Task directions
Output only the lines that run from the line holding "фото Перчатки нитриловые" to the end of the entries, both ends included, and skip the pictures.
═════ Information provided ═════
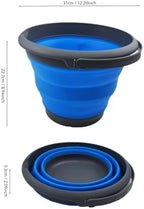 SAMMART 8.5L (2.2 Gallon) Collapsible Plastic Bucket - Foldable Round Tub - Portable Fishing Water Pail - Space Saving Outdoor Waterpot. Size 31cm Dia (Grey/Blue)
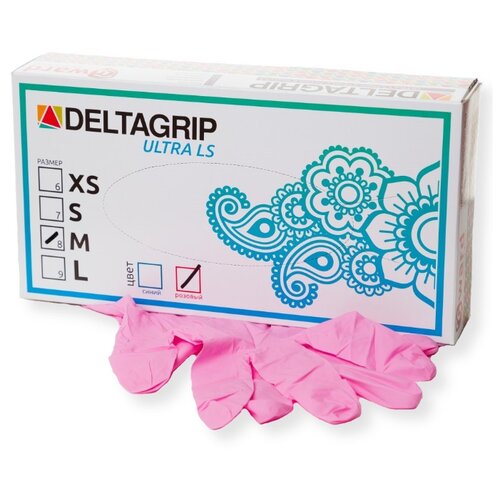 фото Перчатки нитриловые розовые gward deltagrip ultra ls 50 пар в упаковке размер m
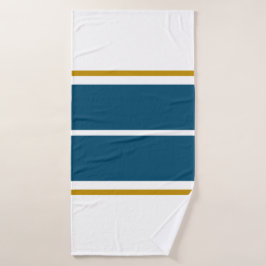 Blue Racing Stripes White Background Badehandtuch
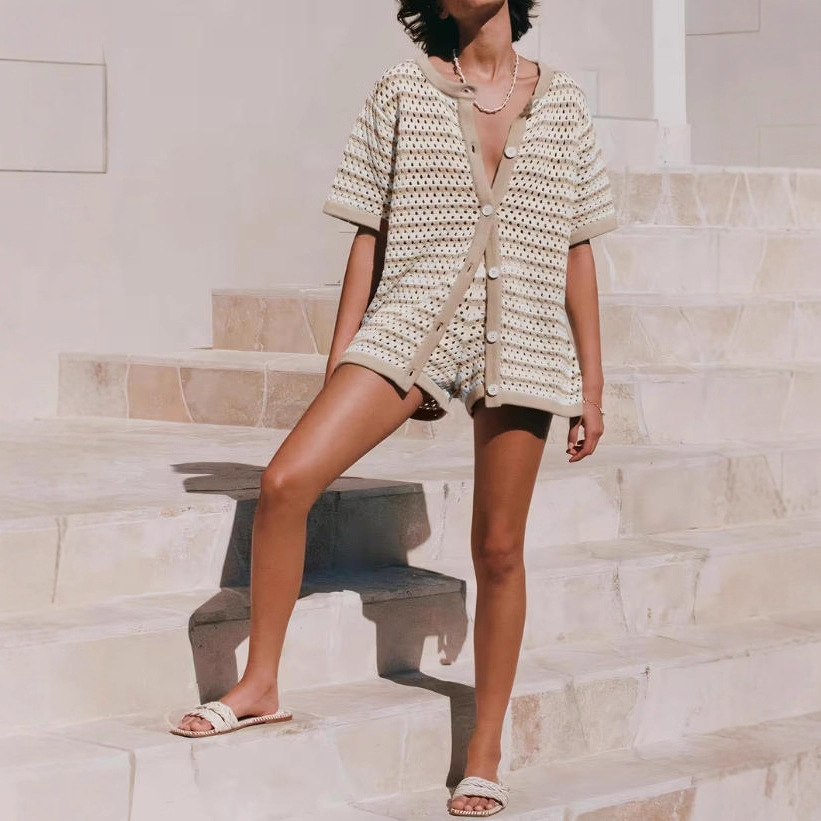 Women's Striped Knit Cardigan & Shorts Set with Collar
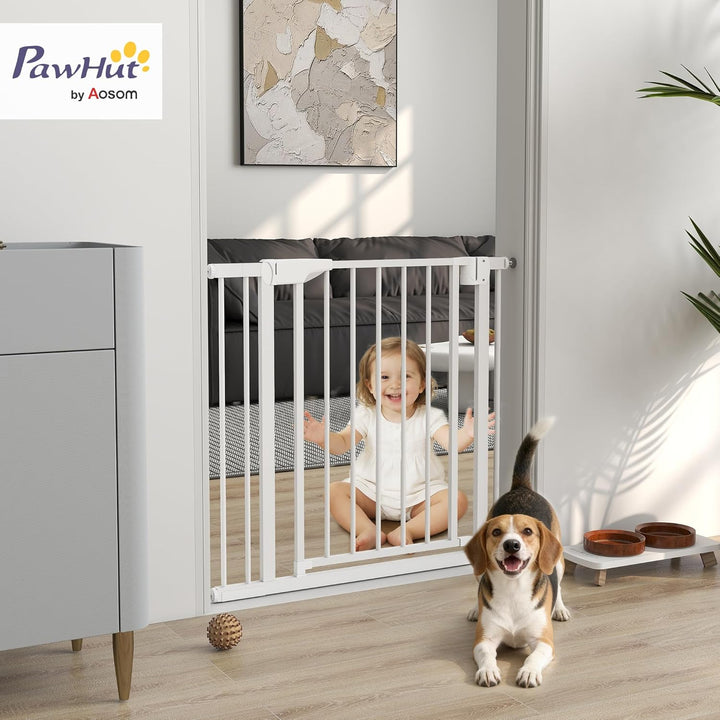 PawHut Treppenschutzgitter Absperrgitter Hund Schutzgitter ohne Bohren 76-88 x 76 cm Türschutzgitter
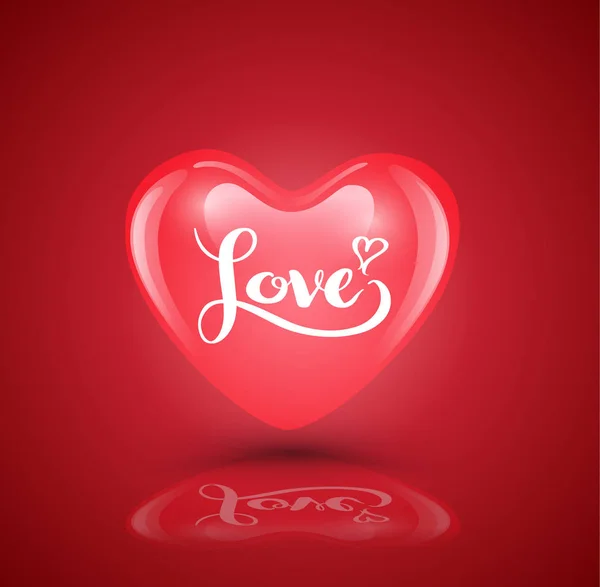 Heart Love Lettering Vector Illustration Love Concept Valentine Wedding — Stock Vector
═════
Answer section
 фото Перчатки нитриловые розовые gward deltagrip ultra ls 50 пар в упаковке размер m
 Blue Racing Stripes White Background Badehandtuch
 Women's Striped Knit Cardigan & Shorts Set with Collar
 PawHut Treppenschutzgitter Absperrgitter Hund Schutzgitter ohne Bohren 76-88 x 76 cm Türschutzgitter
 Heart Love Lettering Vector Illustration Love Concept Valentine Wedding — Stock Vector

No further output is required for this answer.